What you need to do
For each line below that holds the string "Building", add one to a tally; report that tally alone.

The input

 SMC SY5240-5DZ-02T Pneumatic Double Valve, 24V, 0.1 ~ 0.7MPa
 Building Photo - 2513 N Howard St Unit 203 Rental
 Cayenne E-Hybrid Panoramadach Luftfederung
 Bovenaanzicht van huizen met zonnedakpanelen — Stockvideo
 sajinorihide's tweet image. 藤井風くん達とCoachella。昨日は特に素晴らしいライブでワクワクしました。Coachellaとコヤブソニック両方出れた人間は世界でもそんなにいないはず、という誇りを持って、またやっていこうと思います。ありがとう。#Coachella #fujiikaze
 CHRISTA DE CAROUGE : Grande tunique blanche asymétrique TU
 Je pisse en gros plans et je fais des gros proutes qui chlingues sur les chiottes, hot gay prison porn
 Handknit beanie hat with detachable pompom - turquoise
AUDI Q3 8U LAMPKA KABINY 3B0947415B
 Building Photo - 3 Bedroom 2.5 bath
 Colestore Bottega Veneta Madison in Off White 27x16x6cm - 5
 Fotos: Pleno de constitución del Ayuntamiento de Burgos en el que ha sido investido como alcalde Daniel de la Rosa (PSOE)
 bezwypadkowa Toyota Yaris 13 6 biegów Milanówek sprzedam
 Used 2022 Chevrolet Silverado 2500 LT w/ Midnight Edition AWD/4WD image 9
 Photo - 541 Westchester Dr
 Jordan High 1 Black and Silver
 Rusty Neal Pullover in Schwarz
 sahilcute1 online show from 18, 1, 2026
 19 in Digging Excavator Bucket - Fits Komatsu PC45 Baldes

Worked solution
2